MATERIAL FOR THIS TASK –
↓
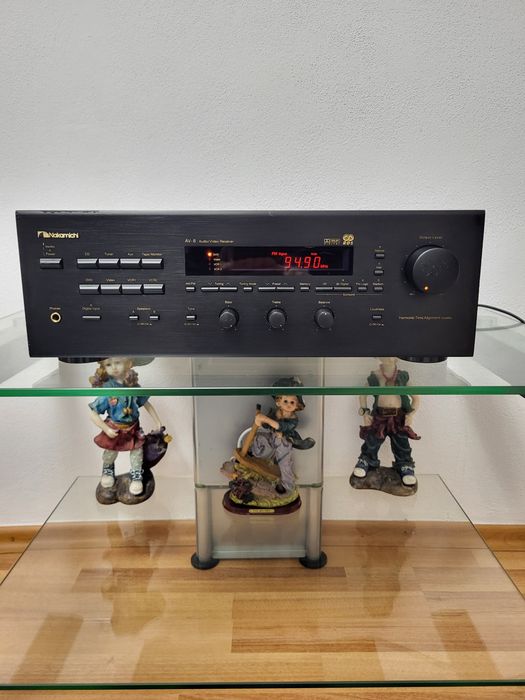 Amplificator/Receiver Nakamichi AV-8 stare foarte bună de funcționare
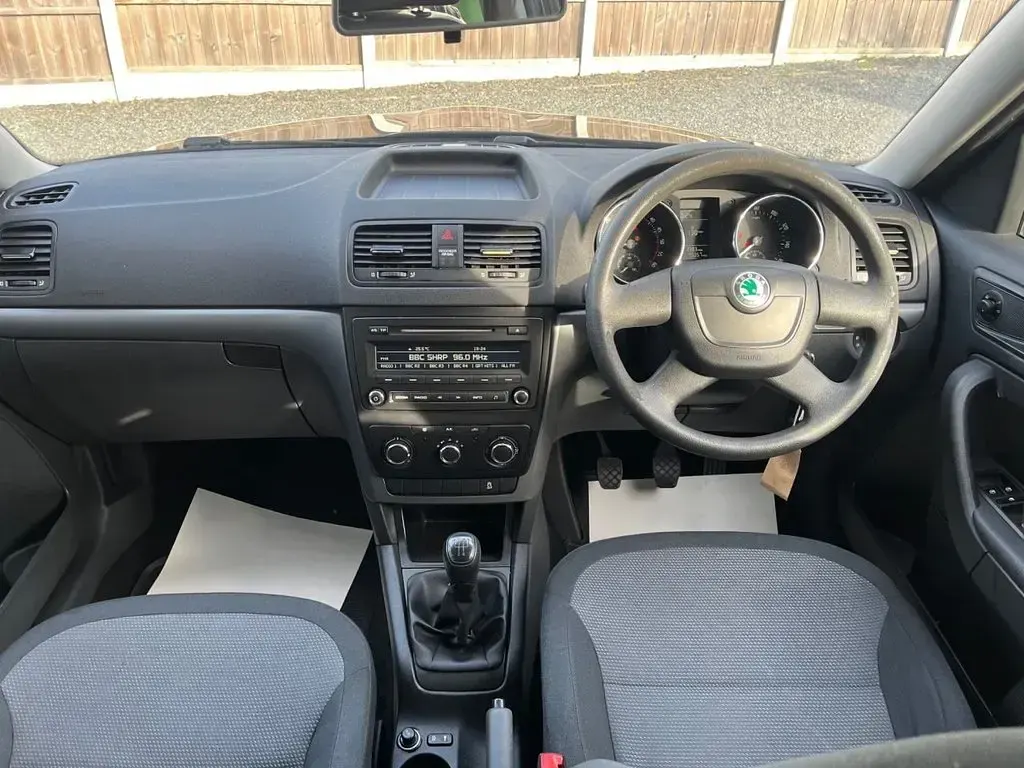 Used Skoda Yeti 150 HP (110 kW) 2013 Black SUV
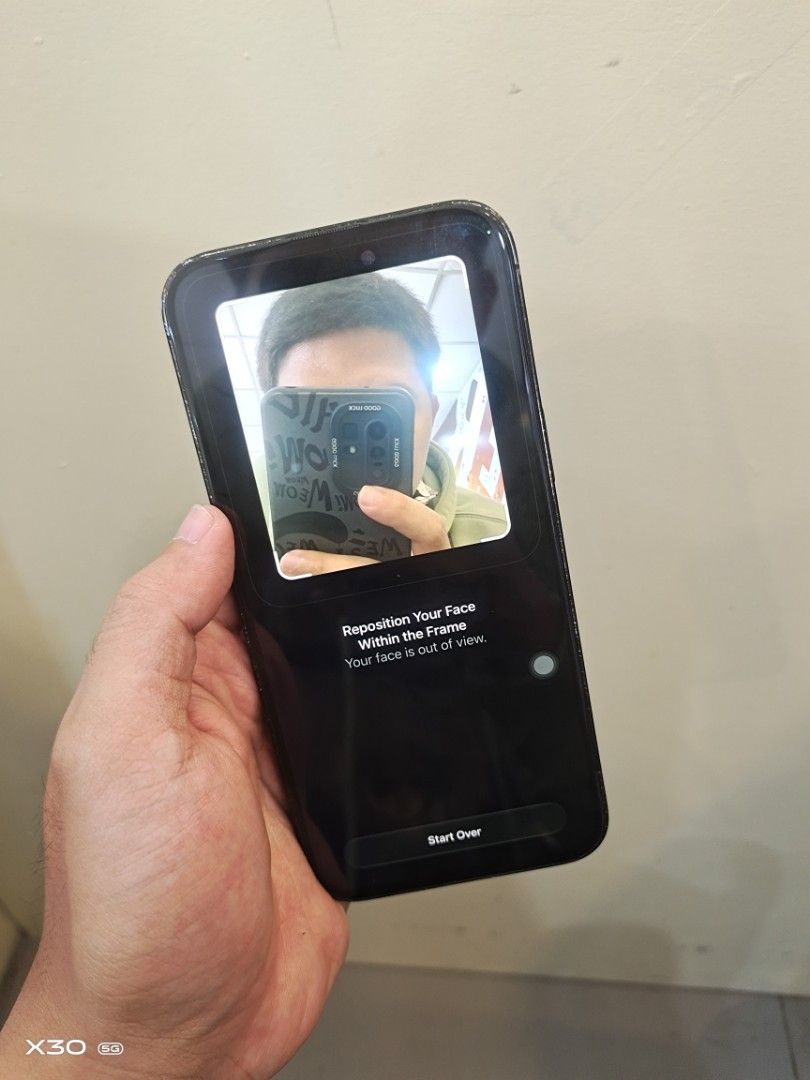 Iphone 14 promax (Category: iPhone 14 Series) located in Manila. Submitted by jamesbenri13777 (Listing ID 1471216262, Image 2). Description: forsale or swap bacoor cavite ako 14 promax 256gb openline may truetone may faceid pwede ireset pwede iupdate unit only gana lahat 76% batt orig .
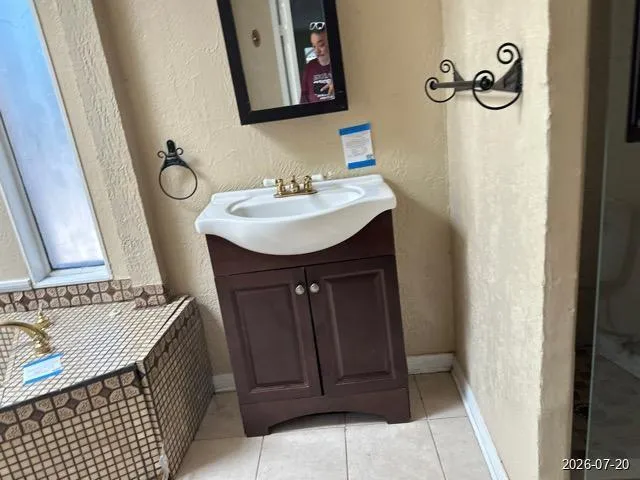 4915 Chedder Drive San Antonio, TX 78229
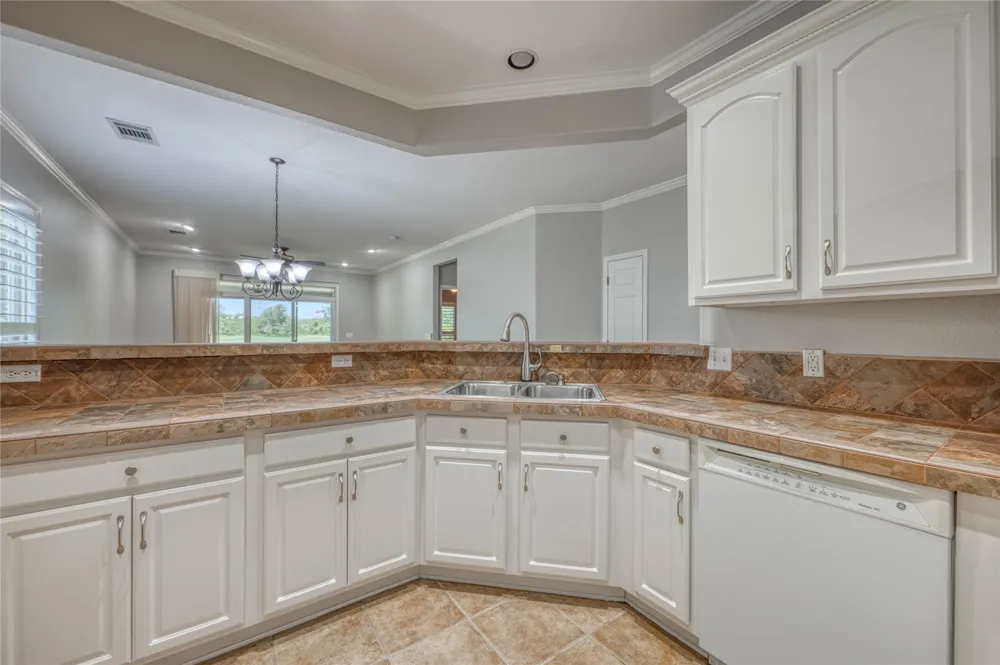 125 Dickens Circle Georgetown, TX 78633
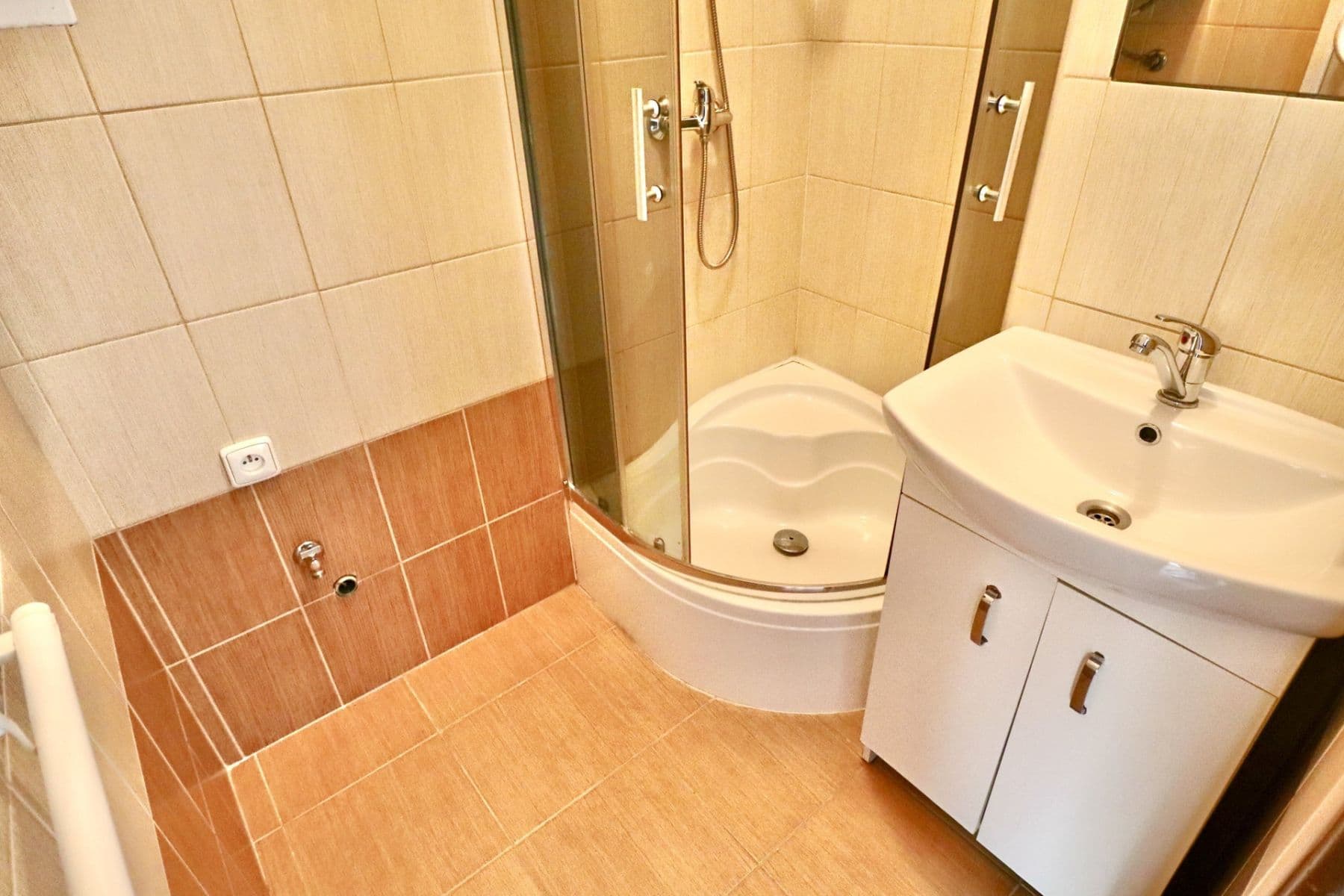 Prenájom bytu 1-izbový 29 m², 28. pluku, Praha, Praha Prenájom bytu 1-izbový 29 m², 28. pluku, Praha, Praha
↑
WHAT NEEDS TO BE DONE –
Transcribe all records verbatim and omit each image.

COMPLETED EXERCISE –
 Amplificator/Receiver Nakamichi AV-8 stare foarte bună de funcționare
 Used Skoda Yeti 150 HP (110 kW) 2013 Black SUV
 Iphone 14 promax (Category: iPhone 14 Series) located in Manila. Submitted by jamesbenri13777 (Listing ID 1471216262, Image 2). Description: forsale or swap bacoor cavite ako 14 promax 256gb openline may truetone may faceid pwede ireset pwede iupdate unit only gana lahat 76% batt orig .
 4915 Chedder Drive San Antonio, TX 78229
 125 Dickens Circle Georgetown, TX 78633
 Prenájom bytu 1-izbový 29 m², 28. pluku, Praha, Praha Prenájom bytu 1-izbový 29 m², 28. pluku, Praha, Praha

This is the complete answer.